# Condiment sauce?



## my_psychosis (Apr 12, 2010)

I inherited an old cook book. Copy right 1961.

Anyway several of the recipes call for "Bottled thick condiment sauce"

I have no idea what they mean. Does anybody here know?

Please and thank you.


----------



## Andy M. (Apr 12, 2010)

I did a quick Google search and got A-1 steak sauce in one hit and soy sauce in another and different others in each hit.  So you'll have to try to deduce the sauce from the recipe. 

If you could post a couple of recipe names along with their ingredient lists, we might be able to guess.


----------



## Selkie (Apr 12, 2010)

Well, a condiment is something to enhance the flavor of something else. For instance, the following list of condiments aren't meant to be eaten by themselves, but added to something else to make it taste different or better.

Condiments (not all inclusive, of course);

Salt, pepper, ketchup, mustard, salad dressing, tartar sauce, relishes, dipping sauces, etc.


----------



## my_psychosis (Apr 12, 2010)

Ok Thanks

One recipe is an onion sauce

Melt 1/4 cup butter, add 3 cups sliced onions, cook untill deep brown. Add 2 cups boiling water, 1 tsp "bottled thick condiment sauce" stir. 
Combine 1/4 c cold water with cornstarch add to onion mixture, stir and cook till thick. Salt and peper to taste.


----------



## Mimizkitchen (Apr 12, 2010)

I also googled it and came up with any kind of thick condiment in a bottle.. Ketchup,A-1, salad dressings etc... I'm with Andy tell us more about the recipe and perhaps we can figure it out together...


----------



## mcnerd (Apr 12, 2010)

For 1 teaspoon you could use just about any of the condiment sauces already mentioned.  Most of the condiment sauces contains a spicy tomato mixture in a vinegar solution so 1 teaspoon of any of them would provide a subtle flavor boost.


----------



## Andy M. (Apr 12, 2010)

my_psychosis said:


> Ok Thanks
> 
> One recipe is an onion sauce
> 
> ...



My first reaction was Worcestershire Sauce.  Then I saw it was supposed to be thick so I thought of A-1 Sauce.  

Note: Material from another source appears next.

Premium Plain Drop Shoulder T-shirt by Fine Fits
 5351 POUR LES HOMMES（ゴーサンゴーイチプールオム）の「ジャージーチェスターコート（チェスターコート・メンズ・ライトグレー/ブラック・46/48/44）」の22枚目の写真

I'd go with the Worcestershire and use chicken or beef broth instead of the water.


----------



## Mimizkitchen (Apr 12, 2010)

Ok so that recipe sounds like the onions you would put on a hotdog so I would probebly go with ketchup.. I think I will try it this week and will report back...


----------



## vagriller (Apr 12, 2010)

My default condiment sauce would have to be chipotle mayo, or chipotle mixed with sour cream. Pretty sure that's not what the cookbook author was referring to though, but it's what I would use!


----------



## my_psychosis (Apr 12, 2010)

Thanks everybody. I kinda figured I would just have to guess by the rest of the recipe. It's just that there are so many condiments to choose from. I think I'll just try different things till I like it.


----------



## Mimizkitchen (Apr 12, 2010)

my_psychosis said:


> Thanks everybody. I kinda figured I would just have to guess by the rest of the recipe. It's just that there are so many condiments to choose from. I think I'll just try different things till I like it.



Well please let us know, and good luck...


----------



## LPBeier (Apr 12, 2010)

In this recipe my guess is ketchup.  It is the default in a lot of sauce recipes - and the word "thick" rules out Worcestershire.  A1 has a bolder taste and in cooking is not used so much (more for putting on steaks).  But that is just IMHO.

Hope it helps!


----------



## luvs (Apr 12, 2010)

i'd use worchestershire sauce.


----------